How to fix this one? Somehow fix PyPI so that they suck in all packages
into it? That's one alternative.
We could also modify KGS, Zope 3's package indexing system, to suck in
all packages. Then we'll run our own Grok KGS. Right now it doesn't but
just mirrors PyPI, and thus has the same problems PyPI does. Drawback:
we'd need to mirror *all* the packages on the PyPI. This might be quite
a lot of storage space and bandwith, plus needs to be maintained.

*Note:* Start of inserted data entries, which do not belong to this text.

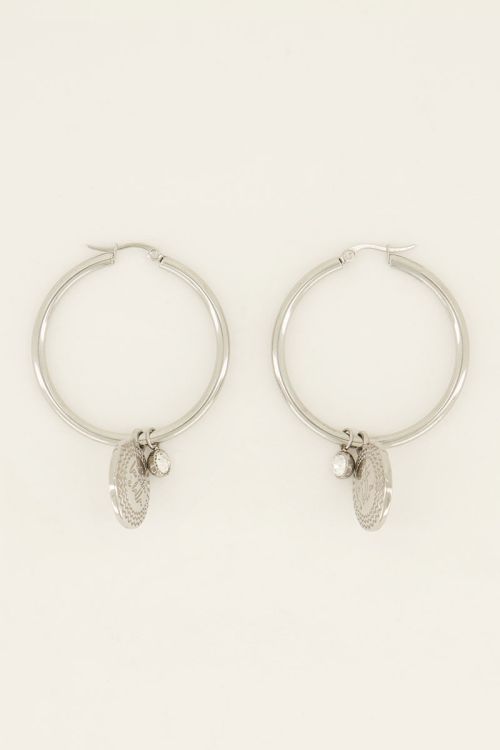 Oorringen met endless love charm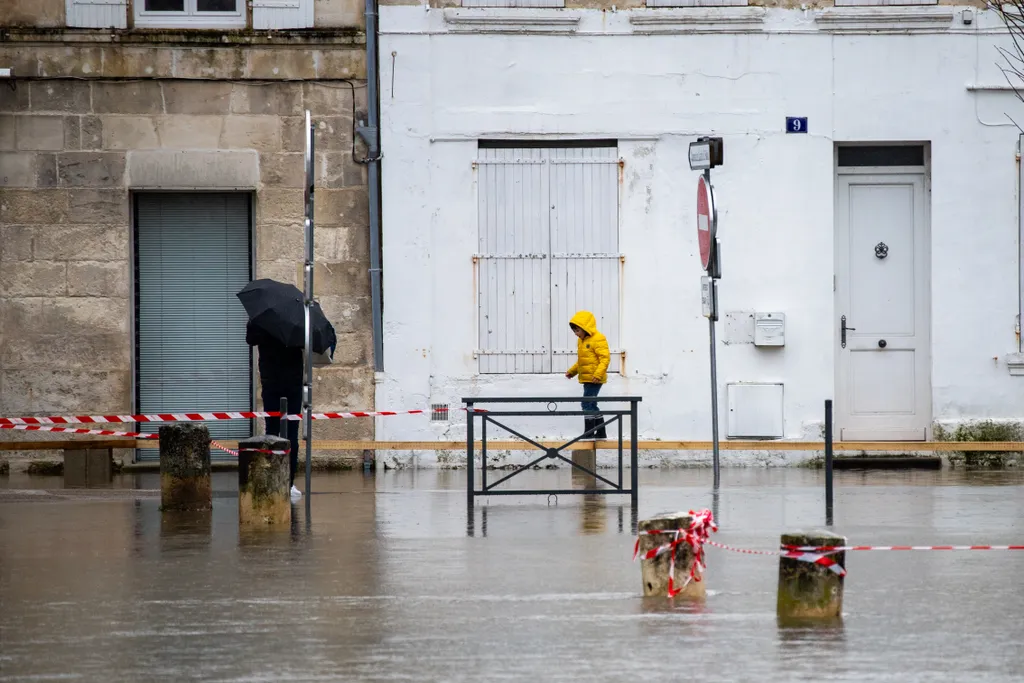 Szajna, folyó áradás, árad, víz, Franciaország,  2021.02.09.   Massive Floods In Saintes, France Saintes - France FLOOD Flooding NEws Weather Extrme Weather Conditions February 8 2021 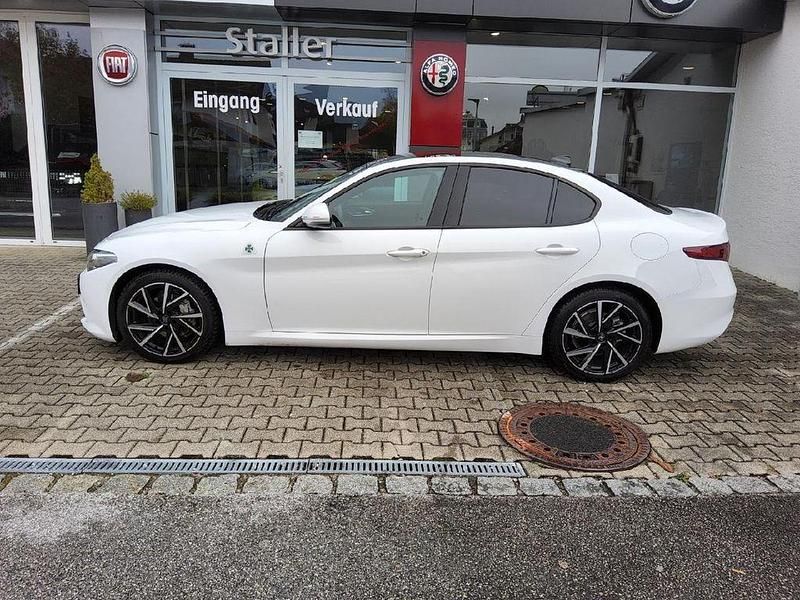Weiß Gebraucht 2022 Alfa Romeo Giulia Sprint Limousine | 28.990 € (Superpreis) - Bild 1/4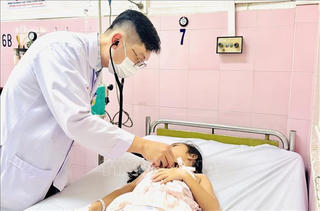 Khẩn trương điều tra vụ hơn 140 học sinh ở TP.HCM nhập viện nghi ngộ độc thực phẩm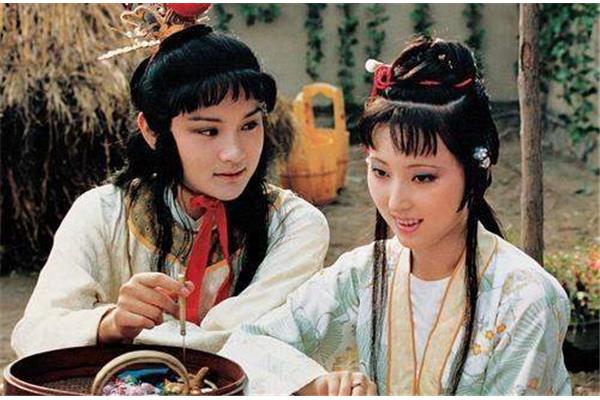 贾宝玉的人物特点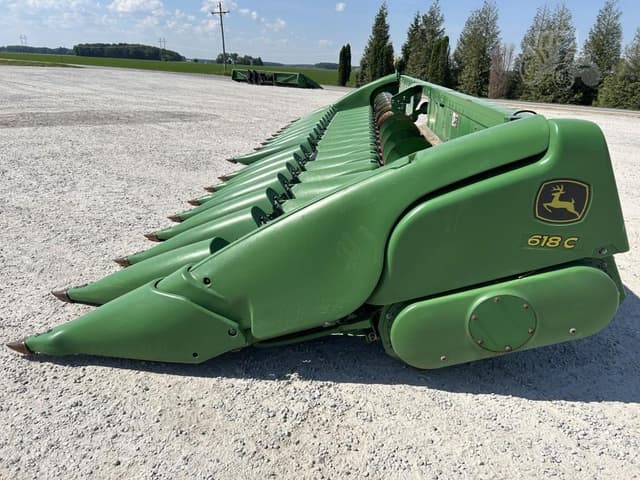 Image of John Deere 618C equipment image 3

Yet another alternative would be to create a 'big tarball download'
installer for Grok. It'd come with all the proper files already
available. We'd need to make sure we should also include the Windows
binaries of those packages that need it. This would work for Grok,
though could still lead to problems as soon as someone adds in some
other package in their setup.py. It therefore won't work for all
Grok-based *applications*, and ideally we should find something that
works for both.
Ideas anyone?
Problem 2: versions for non-Grok dependencies
When someone develops an application, they pull in dependencies that are
not listed in our versions.cfg, such as megrok.form. This in turn has
other dependencies, such as zc.datetimewidget. I just now discovered
that certain combinations of megrok.form and zc.datetimewidget actually
result in ZCML conflict errors. Ick!
We need to solve the problem of version management for applications, not
just for Grok. What I'd like to avoid is that everybody has to become
their own version manager - developers would need to maintain a list of
'versions' in their buildouts and just magically have to know which
versions of dependencies work together. The package developer knows
which versions work together, and the developer that uses the package
shouldn't really have to worry about it unless there's a special case.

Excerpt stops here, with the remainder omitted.